How did the fortunes of Russia’s Jews change over the past two centuries?

October 23, 2002

How did the fortunes of Russia's Jews change over the past two centuries?

Moscow. I recently went to a concert at the "Russia" concert hall. It is located next to the Kremlin and, at the time of the old Soviet Union, it was the prestigious venue of "official" performances.


But what I went to see was not the Song and Dance Ensemble of the Red Army. Nor was it a gala honoring some heroic milkmaids over-fulfilling their production quotas.

Rather, it was a sober occasion — the 50th anniversary of the secret execution by firing squad of 25 leading Jewish writers and former members of the Soviet Jewish Anti-Fascist Committee in August 1952.

When I lived in the Soviet Union in the 1970s, such an event would have been unthinkable. All Jewish subjects were off limits — not to mention direct references to the Soviet persecution of the Jews.

Nor could you ever hope to see emigré cantors or an Israeli folk dance troupe perform on what was deemed an official stage.

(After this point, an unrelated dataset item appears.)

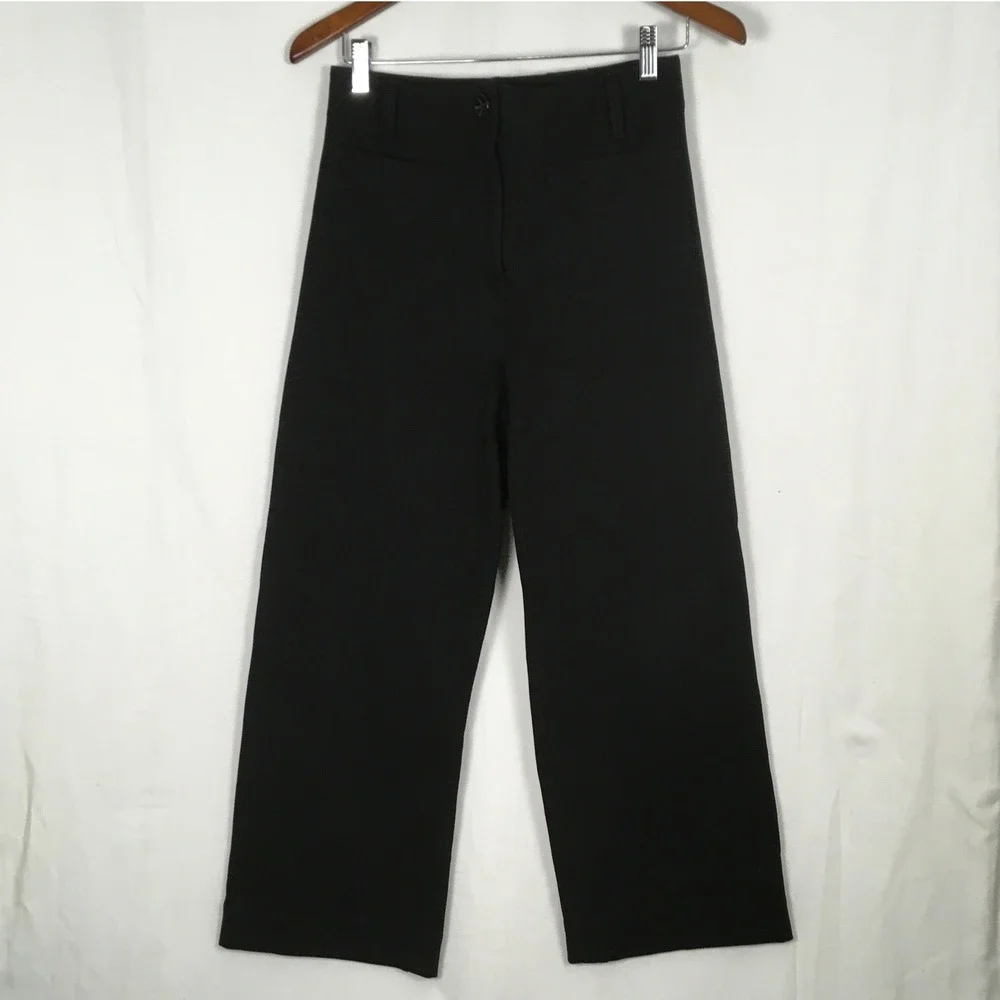 Quince Women's Pants Black Wide‎ Leg High Waist Size 2 Business Casual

Now, however, all of this could be seen and heard not only at a very prestigious venue, but the event was even staged under the auspices of the President of the Russian Federation. There was very visible police presence, to provide protection for Israeli performers.

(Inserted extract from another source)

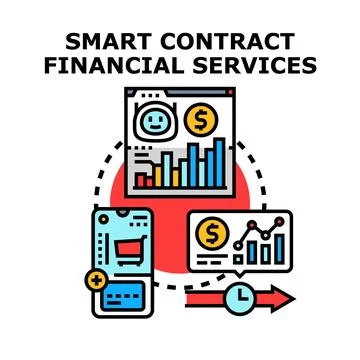 Smart contract financial services technology concept Stock Illustration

The long and troubled history of Jews in Russia is full of such reversals of fortune. Jews have lived on territory of the Russian Empire since the Middle Ages. There was, of course, the so-called "Pale of Settlement," in the region of today's Poland and the Ukraine.

This region was established under Czar Elizabeth II in 1791. At that time, Russia — with few Jews in its own borders — absorbed a portion of Poland with a large Jewish population.

The purpose of the "Pale of Settlement" was to keep these new, unwelcome subjects of the czar out of Russia proper. For many years, Jews were officially banned from many major cities and many regions.

There were also nasty pogroms in the late 19th and early 20th century. Most American Jews are descendents of Jewish refugees from the Russian Empire.

On the other hand, writer Alexander Solzhenitsyn, a Russian nationalist, recently wrote a major historical work about Jewish-Russian relations titled Two Hundred Years Together.

His motivation was, in his own words, to find "all points of mutual understanding and all possible ways of moving on to the future, cleansed of the bitterness of the past."

The 20th century added a strange twist to relations between the Russians and Jews. After the Bolshevik Revolution, residency restrictions on the Jews were abolished — and thousands moved from the old Pale to Moscow. Many had successful careers in the Soviet government.

But after World War II, Stalin's policies turned sharply anti-semitic. Members of the Jewish Anti-Fascist Committee got to sense that reversal of fortunes in a brutal fashion.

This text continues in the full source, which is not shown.